The development of DESID features was catalyzed by recognized needs in the air quality modeling community. Emission perturbation studies are a fundamental application of air quality modeling and analysis and include important objectives like source attribution, estimation of the benefits of policies under consideration, and trends analysis. For example, in the 2012 PM National Ambient Air Quality Standard Regulatory Impact Analysis (US EPA, 2012), multiple annual emission fields were developed that reduced emissions of specific PM2.5 precursors by fixed percentages in selected regions to inform modeling of the emission reductions needed to meet standard levels (e.g., National Ambient Air Quality Standards). The modification of a base emissions dataset to develop many new emission datasets is costly, time-consuming, and requires storage. With DESID, these relatively straightforward perturbation cases can be directly programmed, executed, and confirmed with no increased storage cost (unless diagnostic files are written). Moreover, this aspect is highly valuable for deployment of CTMs on cloud-computing platforms where storage needs are monetized and producing alternative emission input files can result in significant additional costs.

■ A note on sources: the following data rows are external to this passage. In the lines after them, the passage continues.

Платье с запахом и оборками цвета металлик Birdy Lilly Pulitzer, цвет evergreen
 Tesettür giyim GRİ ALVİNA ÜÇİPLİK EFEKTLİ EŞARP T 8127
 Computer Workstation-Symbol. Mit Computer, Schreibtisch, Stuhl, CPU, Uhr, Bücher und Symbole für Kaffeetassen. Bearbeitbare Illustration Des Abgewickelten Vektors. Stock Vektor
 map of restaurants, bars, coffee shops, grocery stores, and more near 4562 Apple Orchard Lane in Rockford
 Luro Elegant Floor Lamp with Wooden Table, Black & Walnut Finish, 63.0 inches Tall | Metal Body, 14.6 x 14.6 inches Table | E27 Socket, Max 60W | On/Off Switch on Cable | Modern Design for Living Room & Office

Beyond introducing efficiencies for standard perturbation exercises, DESID benefits have also been demonstrated for air quality research efforts, specifically for improving speciation of bulk pollutants like PM and volatile organic compounds (VOCs). For example, organic PM mass and ozone predictions are significantly impacted by emissions of primary organic aerosol (POA) and emissions of volatile chemical products (VCPs) (Lu et al., 2020; Qin et al., 2021). For more than a decade, POA emissions have been demonstrated to partition dynamically between the particle and gas phases (Robinson et al., 2007). To account for this behavior, the POA emission rate is typically distributed from one emission variable to several CTM species, each with a different volatility. These volatility distributions vary among source types. Some sources, like motor vehicles, are relatively well understood, whereas others, like biomass burning, are exceedingly complex and remain challenging despite increasing attention. VCPs have recently received increased attention as it has been acknowledged that their role as sources of carbon pollution has increased as other sources (e.g., vehicles, industry) have become cleaner through regulatory actions. Although VCPs have been treated by emission inventories for decades, there are large uncertainties in their estimation and speciation methods that are currently being addressed. Over time, the data gathered from the research community for POA and VCPs must be incorporated into existing operational emissions inventory and modeling tools. Part of that evolution though, involves using CTMs to reduce the uncertainty in the updated parameters, quantify changes in PM model performance, and estimate the impact they have on strategies for attaining ambient air quality standards. For example, proposed VCP-speciated emissions can be scaled online to typical reference pollutants like CO or non-methane organic gases (NMOG). DESID features allow researchers to bypass creation of alternative bottom-up emission datasets or extensive modification of input files leading to greater transparency, automated documentation of experimental scale factors, and more time for data interpretation.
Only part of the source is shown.